8月11日は学校に関するお話です。宮城県名取市のある小学校には、学校ではおなじみの「あるもの」がありません。その秘密を調べました。

学校ではおなじみの「あるもの」がない?!

向かったのは、名取市立増田西小学校。去年、開校50周年を迎え、664人が通っています。こちらは6年生の教室。2時間目の授業中です。

「注目!これで2時間目の授業を終わります。」

至って普通の光景です。今度は昼休み。子供たちは校庭で元気に遊んでいます。

しばらくすると…。

子供たち
「もう戻る時間!もう戻るよ!戻りましょう!」

皆さん気が付きましたか?そう、増田西小学校には「チャイム」がないんです。その秘密を教頭先生に聞きました。

どうしてチャイムがないの?

名取市立増田西小学校 鈴木知子教頭
「2011年3月11日に起きた東日本大震災がきっかけです」

増田西小学校は、名取市の内陸にあるため津波の被害はありませんでしたが、体育館は4カ月ほど避難所になり多い時でおよそ600人が体育館で生活しました。

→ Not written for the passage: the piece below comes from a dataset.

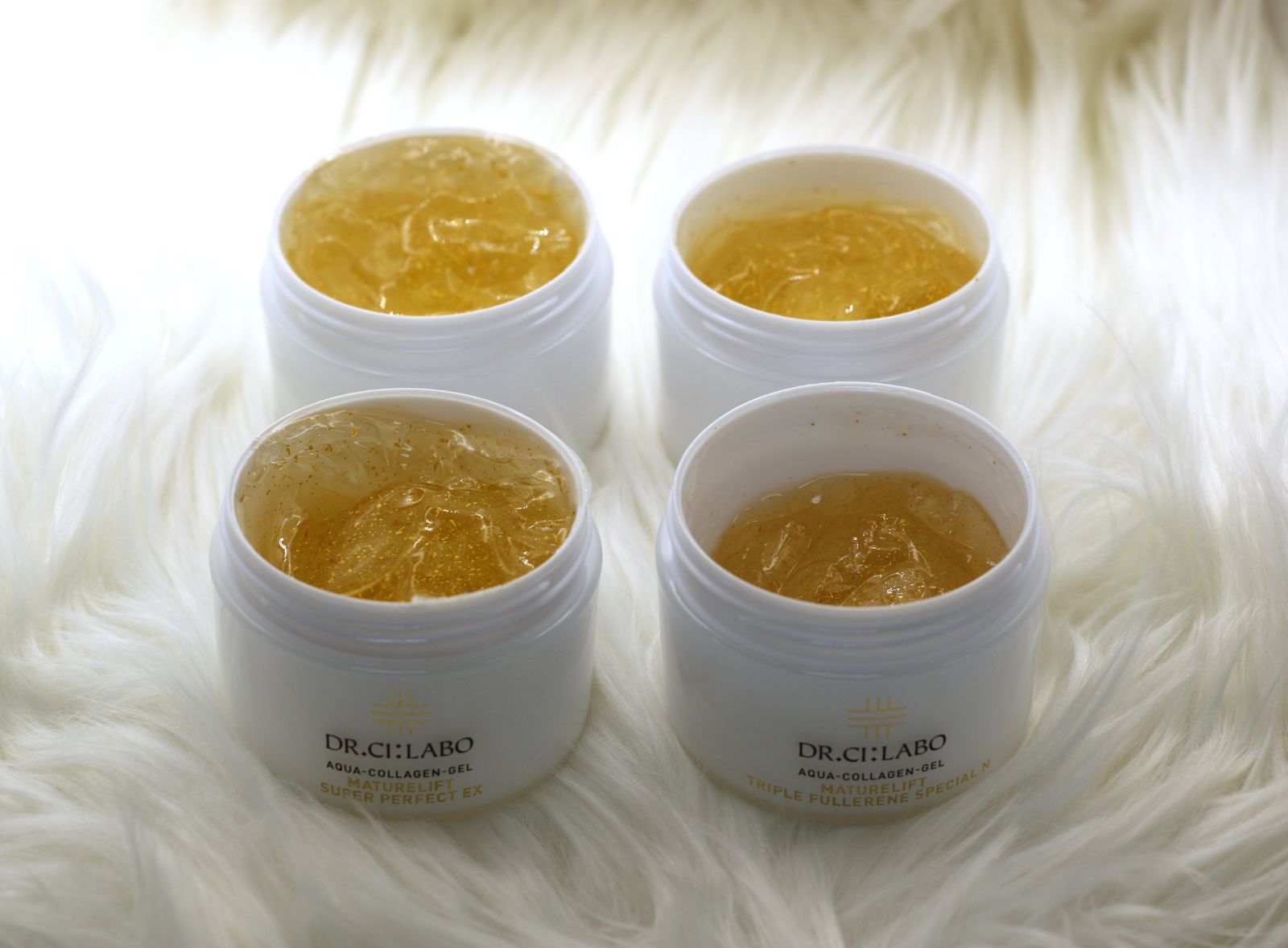 ドクターシーラボACゲルマチュアLパーフェクトEX 内容量：120g中約9割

ある時、子供たちと避難している人たちの交流会が開かれたそうです。

名取市立増田西小学校 鈴木知子教頭
「体育館で休んでいるところチャイムが鳴って、なかなか体を休められないという申し出があり、そういった意見を聞いた子供たちから、チャイムをなくそうという取り組みが始まりました」

それがきっかけで2011年5月に、チャイムを鳴らさない「ノーチャイム制」を始めたそうなんです。

実は、宮城県内では小学校の4割がノーチャイム制です。理由は様々ですが子供たちが時計を見て行動する習慣につながっているようです。

増田西小の子供たちに聞いてみました。

6年生
「チャイムがないと、時間行動をするのが大切になるから、それが身につく」
Q.どんなことを心がけている?
「時計を見て早めに教室に戻ったり」
「2年生になってチャイムがないことに、だんだん慣れてきて、時間を見ながら行動するように」
「東日本大震災の時にチャイムが鳴ると、赤ちゃんとかが泣いちゃうから、なくなったというのは聞いたことがある。すごく誇り、誇りがあるなと思う」

名取市立増田西小学校 鈴木知子教頭
「これまでもチャイムを導入する・しないの話し合いは行われてきたようですが、子供たちの方から、自分たちで時計を見て、時間を意識して行動することができるので、チャイムはいらないという意見をもらっています」

ノーチャイム制は、避難してきた人たちを思う、子供たちの優しさから生まれた取り組みでした。